Objective: To investigate the presence of FSH receptor gene mutations in women with premature ovarian failure (POF).
Design: Clinical and molecular studies.
Setting: Research laboratory in a university setting.
Patient(s): Fifteen 46,XX women with POF and 42 normal fertile controls.
Intervention(s): Exon 7 was amplified and digested with BsmI to screen for the previously described inactivating mutation C566T. Exon 10 was screened for mutations by denaturing gradient gel electrophoresis and direct sequencing.
Main outcome measure(s): Polymerase chain reaction followed by restriction enzyme analysis, denaturing gradient gel electrophoresis, and direct sequencing.

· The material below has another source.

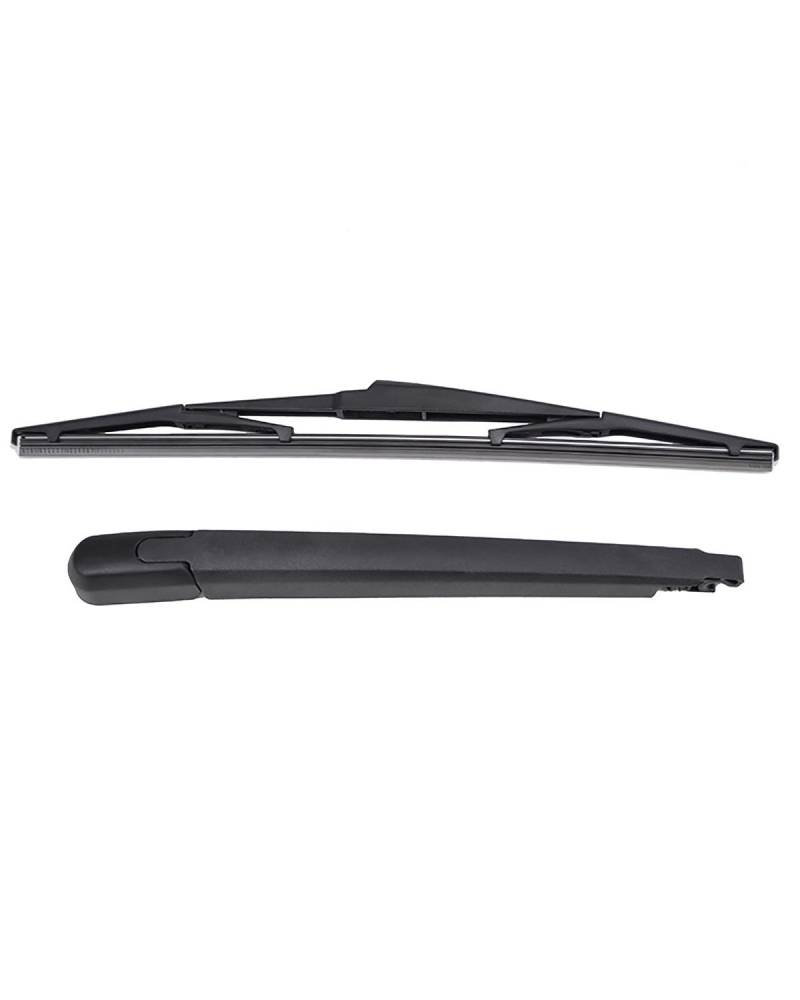 Scheibenwischer Für Hyundai Für Santa Fe 2006 2007 2008 2009 2010 2011 2012 CM Wischer 14 "Heckwischerarm Set Kit Windschutzscheibe Windschutz Heckklappe Fenster Auto Wischer von SXXJVES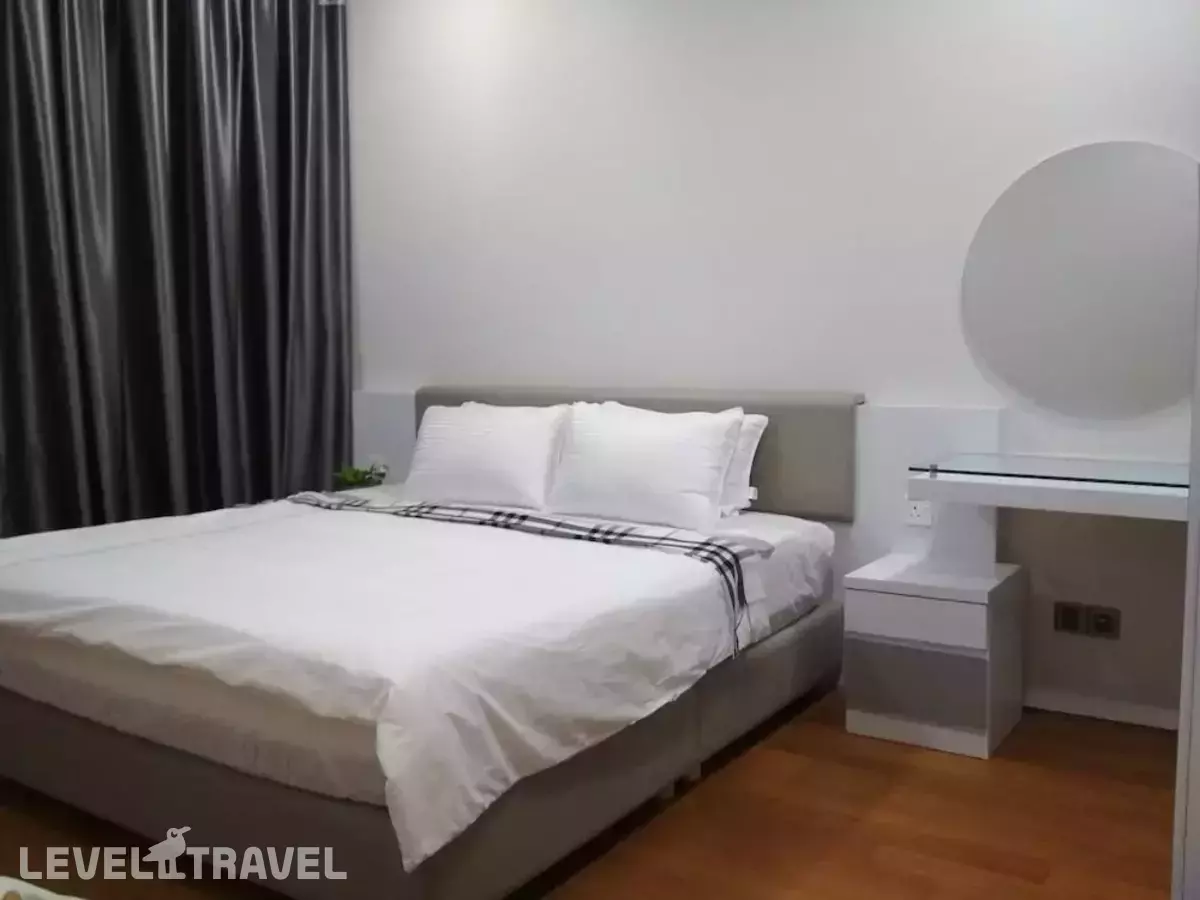 Soho Suites Klcc Lx Stay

Result(s): No inactivating mutations were identified in exons 7 and 10 of the FSH receptor gene in women with familial or sporadic POF. Exon 10 had two polymorphisms, G919A and G2039A, whose allelic frequencies were 46.7% and 56.6%, respectively, in women with POF. The allelic frequency of both polymorphisms was 59.5% in normal fertile controls.
Conclusion(s): No inactivating mutations in exons 7 and 10 of the FSH receptor gene were identified in Brazilian women with POF. A high frequency of two polymorphisms that are in linkage disequilibrium was found in exon 10 of this gene.